Write out all of the records exactly once more and skip the images.

....

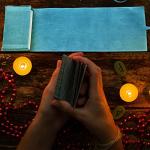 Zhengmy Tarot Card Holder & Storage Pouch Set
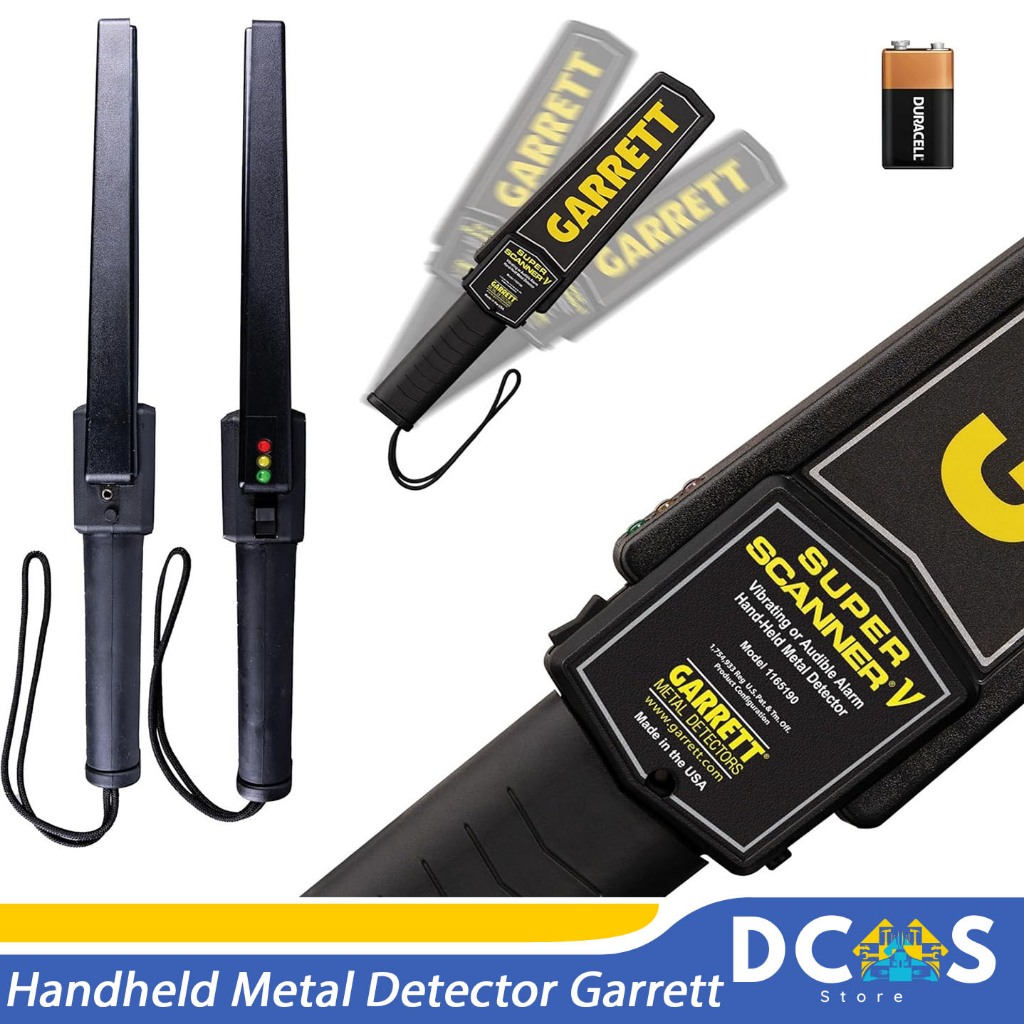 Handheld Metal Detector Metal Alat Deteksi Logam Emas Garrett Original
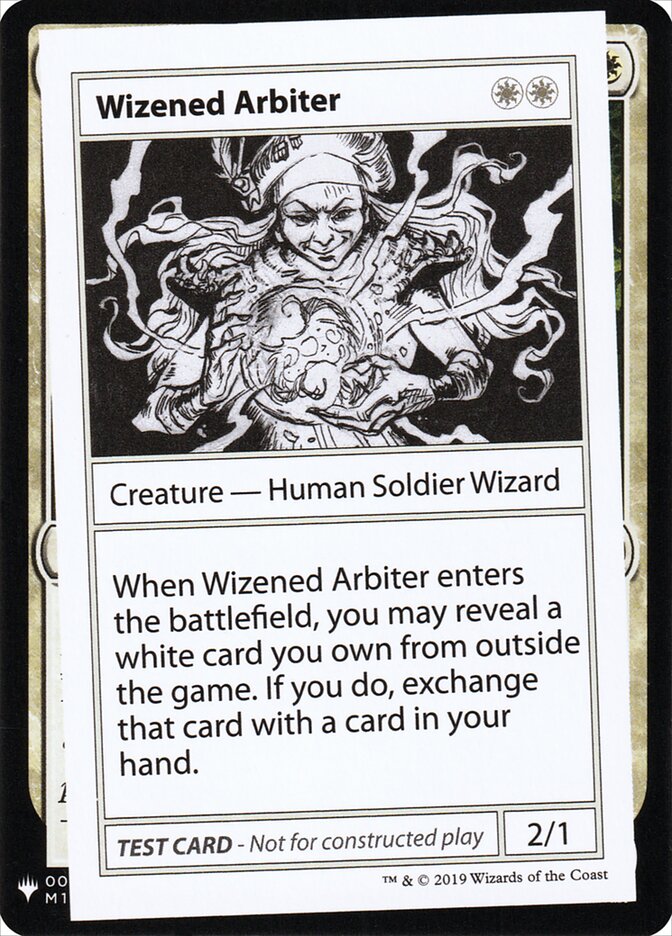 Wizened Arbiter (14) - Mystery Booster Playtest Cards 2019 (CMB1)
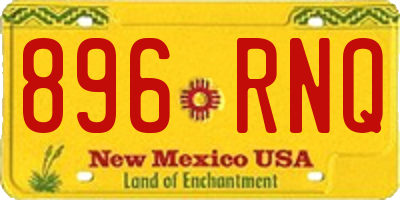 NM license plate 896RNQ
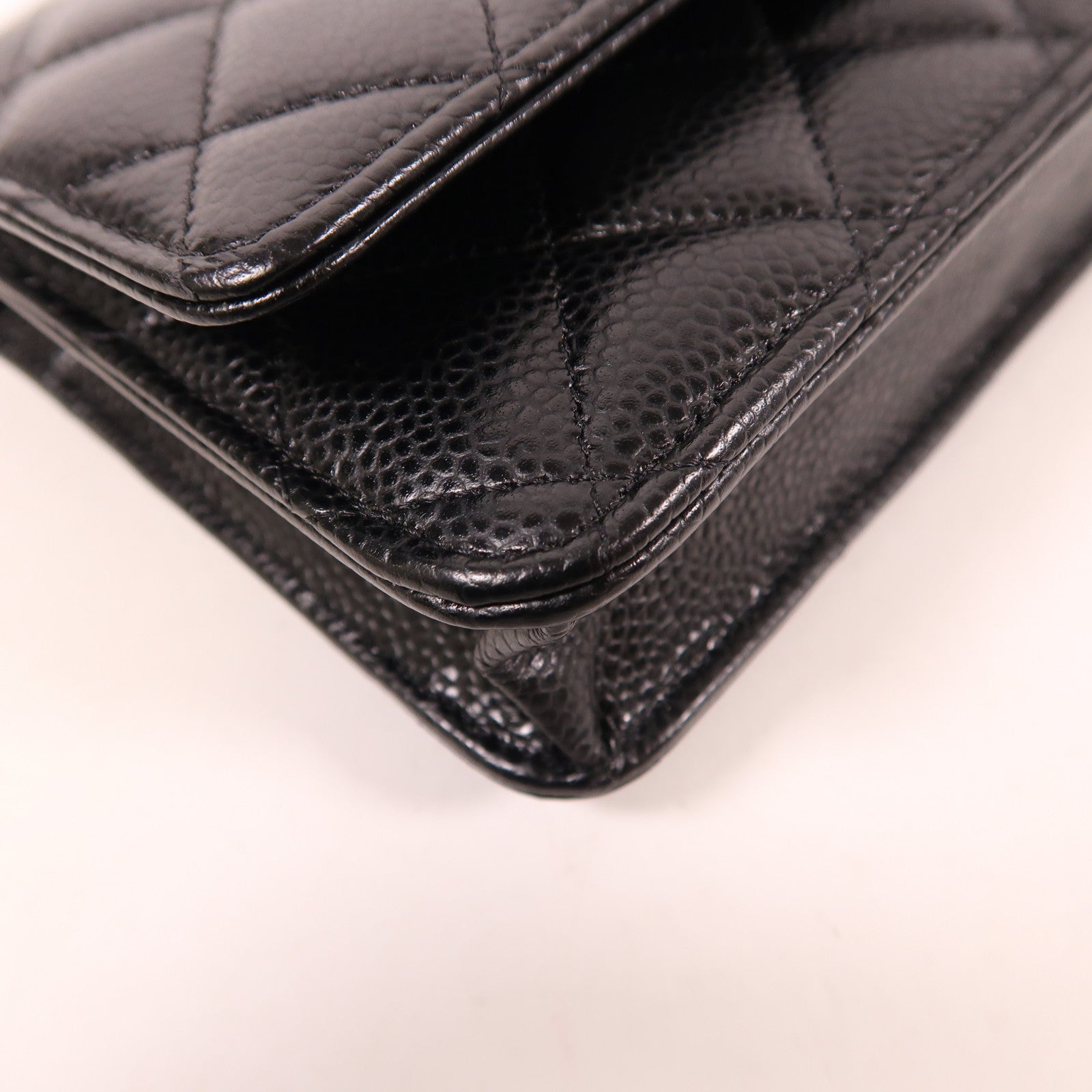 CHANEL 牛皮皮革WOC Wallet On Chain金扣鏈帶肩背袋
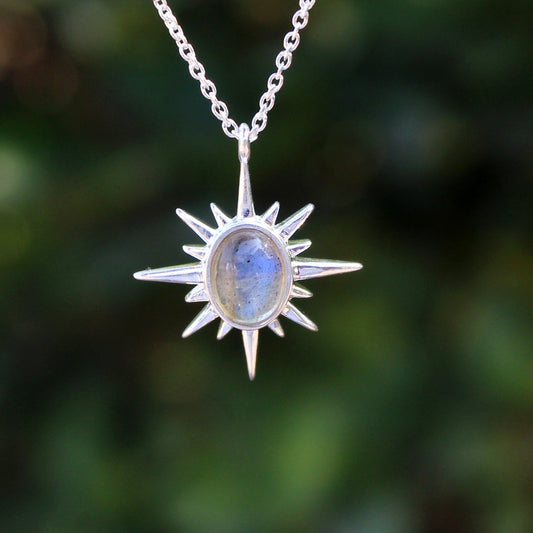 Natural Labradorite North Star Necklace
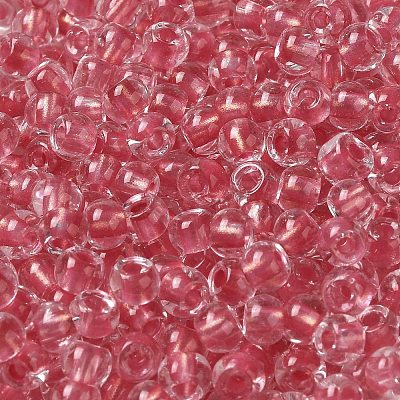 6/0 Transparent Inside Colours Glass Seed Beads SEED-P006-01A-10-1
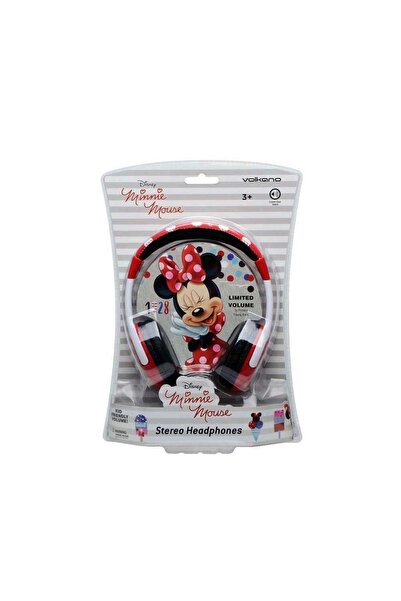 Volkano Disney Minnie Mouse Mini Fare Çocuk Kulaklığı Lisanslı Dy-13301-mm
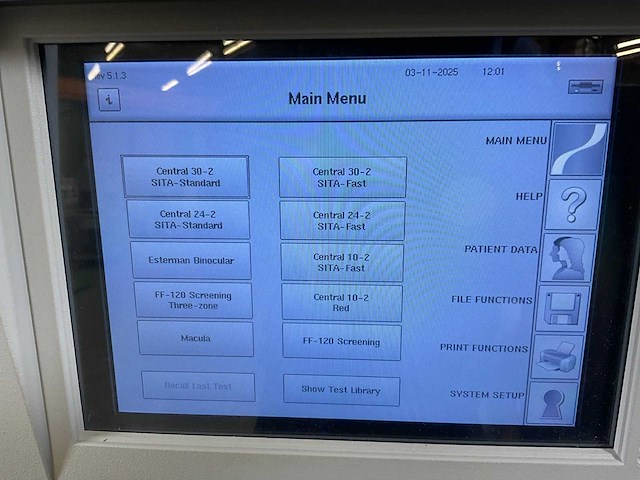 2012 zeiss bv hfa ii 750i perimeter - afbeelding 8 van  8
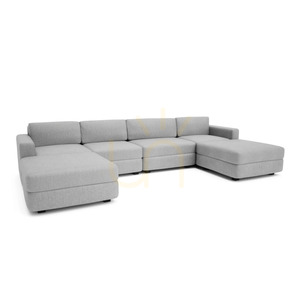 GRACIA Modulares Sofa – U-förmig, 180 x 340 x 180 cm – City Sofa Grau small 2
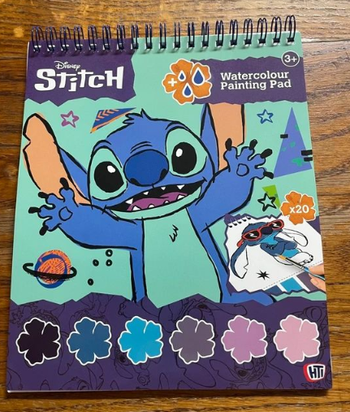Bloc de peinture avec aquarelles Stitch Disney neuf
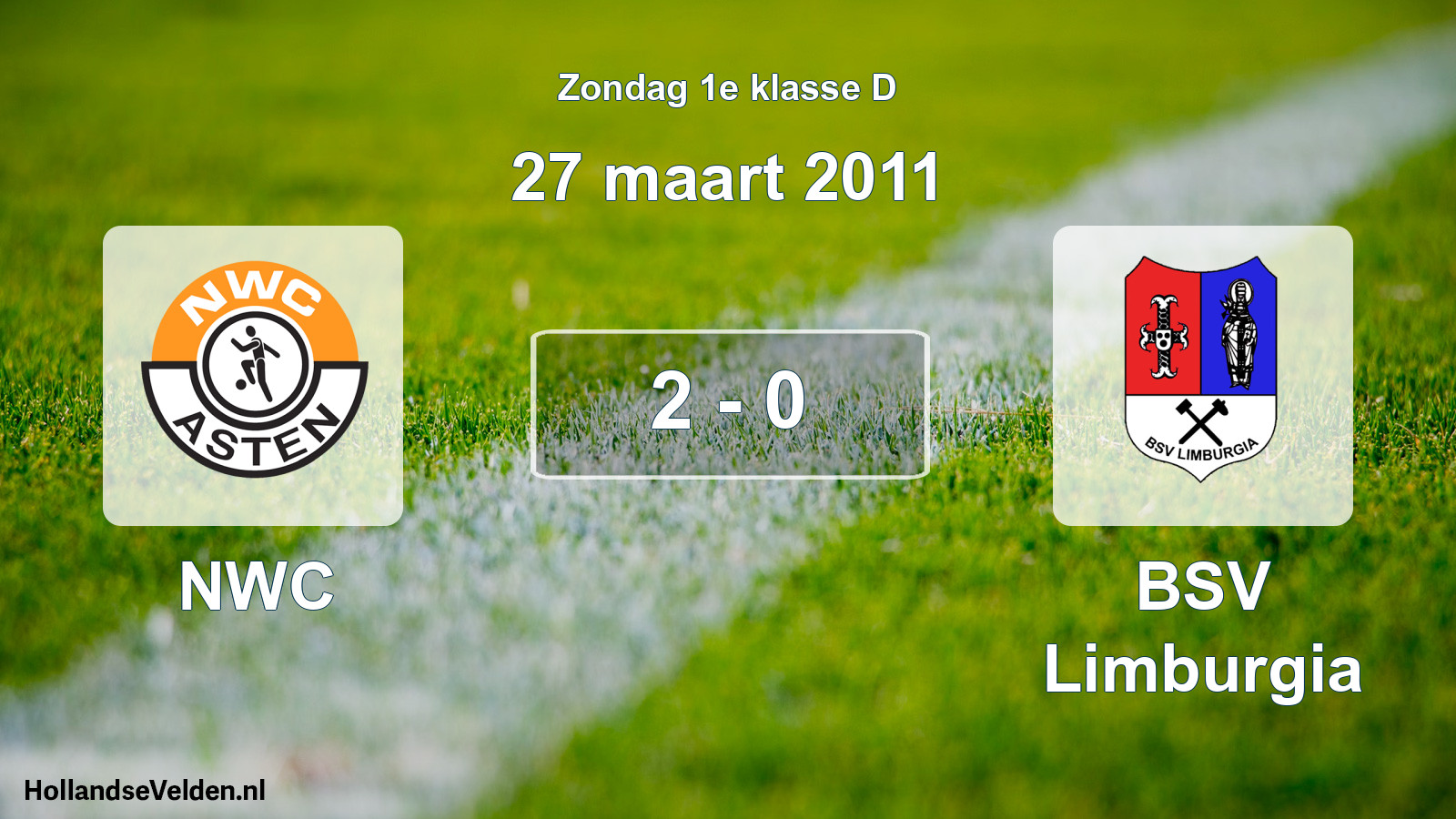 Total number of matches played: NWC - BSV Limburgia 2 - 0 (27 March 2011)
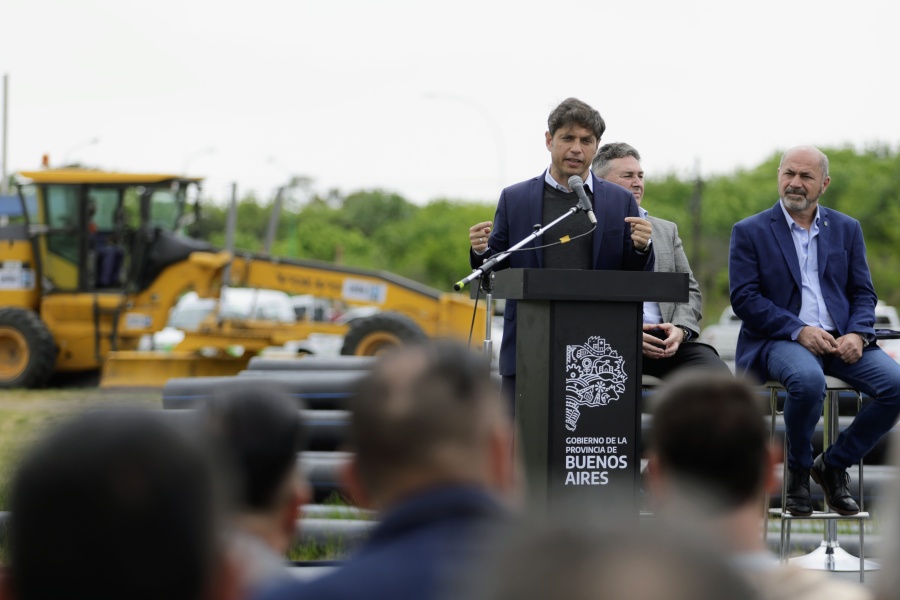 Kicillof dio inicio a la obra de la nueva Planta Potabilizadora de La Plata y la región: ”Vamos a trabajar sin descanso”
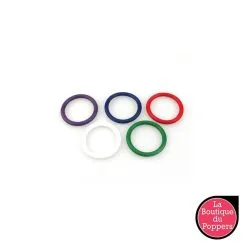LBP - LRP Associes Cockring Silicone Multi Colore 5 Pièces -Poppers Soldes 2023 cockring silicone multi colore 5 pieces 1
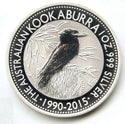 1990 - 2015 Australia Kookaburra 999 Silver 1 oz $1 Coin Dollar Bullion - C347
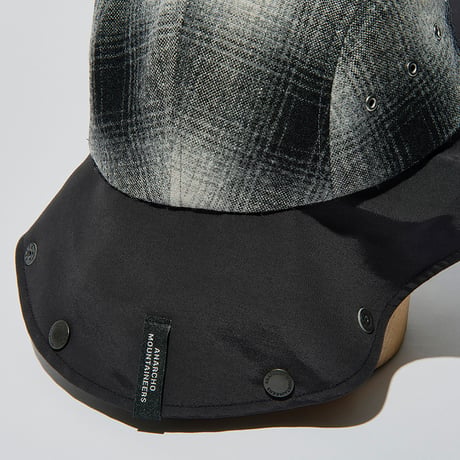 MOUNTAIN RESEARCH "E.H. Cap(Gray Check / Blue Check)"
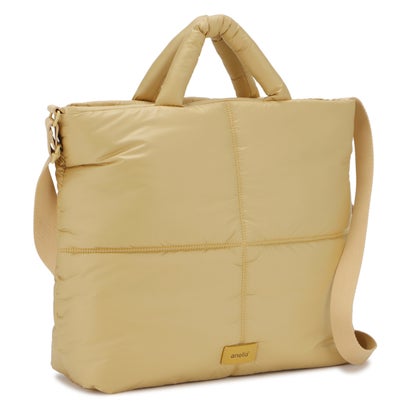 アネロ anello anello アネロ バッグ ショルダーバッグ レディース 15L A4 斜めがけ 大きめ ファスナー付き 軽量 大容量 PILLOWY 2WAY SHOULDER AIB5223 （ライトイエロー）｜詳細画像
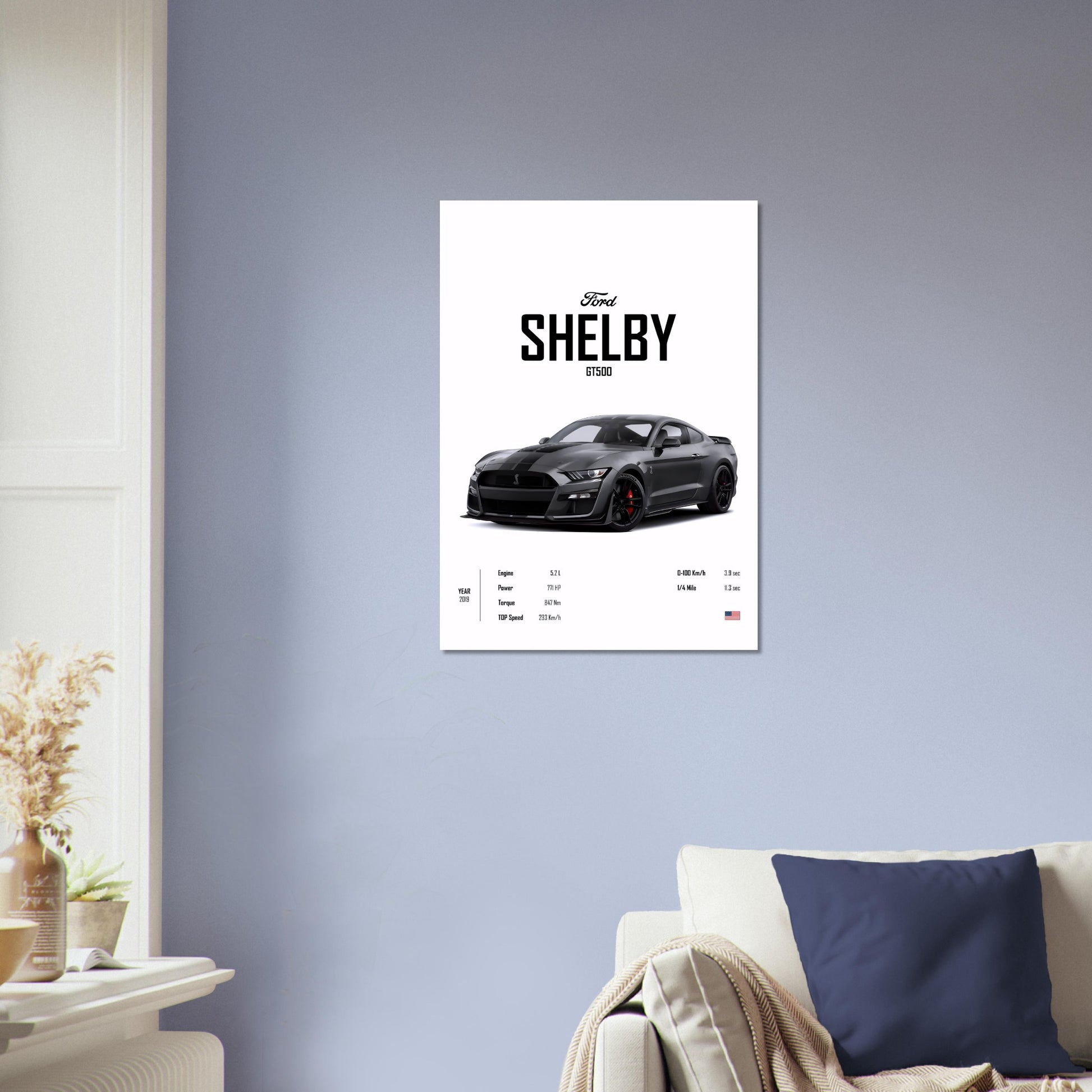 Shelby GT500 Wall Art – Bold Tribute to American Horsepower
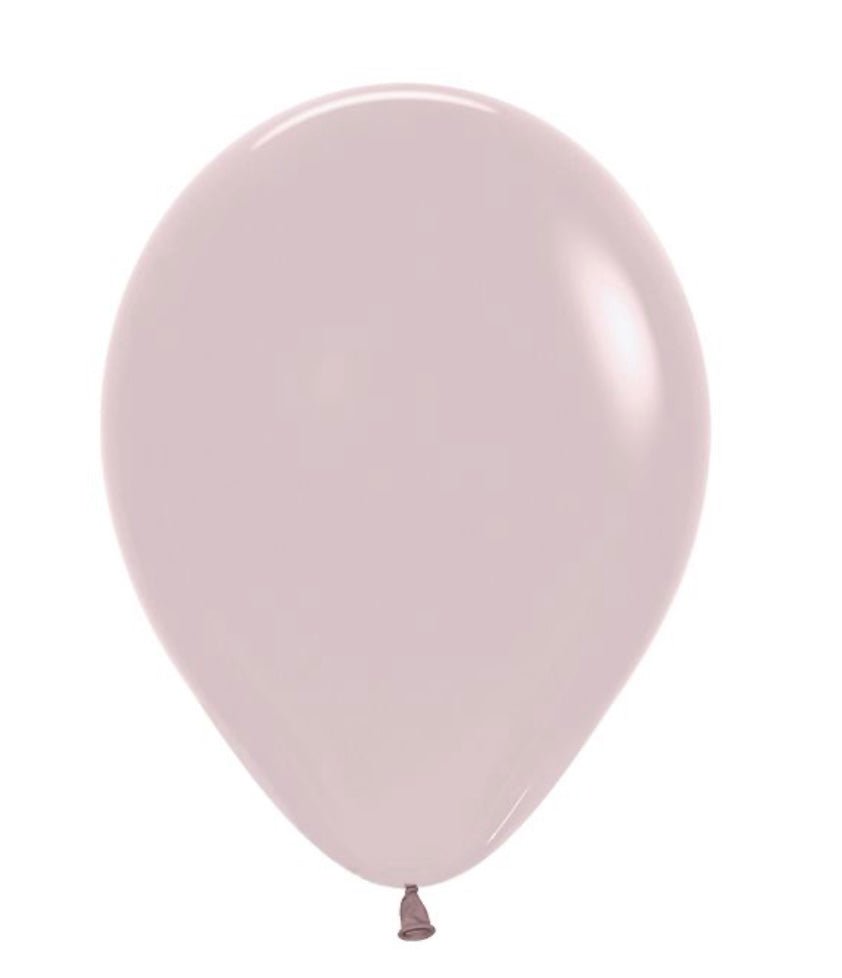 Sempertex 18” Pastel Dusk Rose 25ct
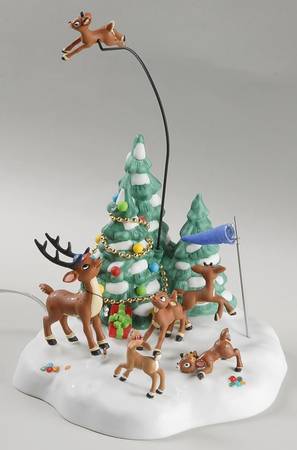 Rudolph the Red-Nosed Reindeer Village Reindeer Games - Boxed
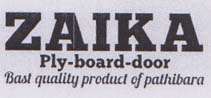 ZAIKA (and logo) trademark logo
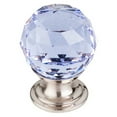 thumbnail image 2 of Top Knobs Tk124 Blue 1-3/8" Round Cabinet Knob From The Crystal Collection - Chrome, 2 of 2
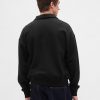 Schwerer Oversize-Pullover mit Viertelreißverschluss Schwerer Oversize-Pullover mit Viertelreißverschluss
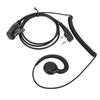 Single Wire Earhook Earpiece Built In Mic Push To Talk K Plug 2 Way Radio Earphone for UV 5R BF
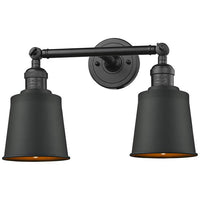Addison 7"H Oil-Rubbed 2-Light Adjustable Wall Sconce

....

-- The completed task --
 Zhengmy Tarot Card Holder & Storage Pouch Set
 Handheld Metal Detector Metal Alat Deteksi Logam Emas Garrett Original
 Wizened Arbiter (14) - Mystery Booster Playtest Cards 2019 (CMB1)
 NM license plate 896RNQ
 CHANEL 牛皮皮革WOC Wallet On Chain金扣鏈帶肩背袋
 Natural Labradorite North Star Necklace
 6/0 Transparent Inside Colours Glass Seed Beads SEED-P006-01A-10-1
 Volkano Disney Minnie Mouse Mini Fare Çocuk Kulaklığı Lisanslı Dy-13301-mm
 2012 zeiss bv hfa ii 750i perimeter - afbeelding 8 van  8
 GRACIA Modulares Sofa – U-förmig, 180 x 340 x 180 cm – City Sofa Grau small 2
Bloc de peinture avec aquarelles Stitch Disney neuf
 Total number of matches played: NWC - BSV Limburgia 2 - 0 (27 March 2011)
 Kicillof dio inicio a la obra de la nueva Planta Potabilizadora de La Plata y la región: ”Vamos a trabajar sin descanso”
LBP - LRP Associes Cockring Silicone Multi Colore 5 Pièces -Poppers Soldes 2023 cockring silicone multi colore 5 pieces 1
 1990 - 2015 Australia Kookaburra 999 Silver 1 oz $1 Coin Dollar Bullion - C347
 MOUNTAIN RESEARCH "E.H. Cap(Gray Check / Blue Check)"
 アネロ anello anello アネロ バッグ ショルダーバッグ レディース 15L A4 斜めがけ 大きめ ファスナー付き 軽量 大容量 PILLOWY 2WAY SHOULDER AIB5223 （ライトイエロー）｜詳細画像
 Shelby GT500 Wall Art – Bold Tribute to American Horsepower
 Sempertex 18” Pastel Dusk Rose 25ct
 Rudolph the Red-Nosed Reindeer Village Reindeer Games - Boxed
 ZAIKA (and logo) trademark logo
 thumbnail image 2 of Top Knobs Tk124 Blue 1-3/8" Round Cabinet Knob From The Crystal Collection - Chrome, 2 of 2
 Schwerer Oversize-Pullover mit Viertelreißverschluss Schwerer Oversize-Pullover mit Viertelreißverschluss
 Single Wire Earhook Earpiece Built In Mic Push To Talk K Plug 2 Way Radio Earphone for UV 5R BF
Addison 7"H Oil-Rubbed 2-Light Adjustable Wall Sconce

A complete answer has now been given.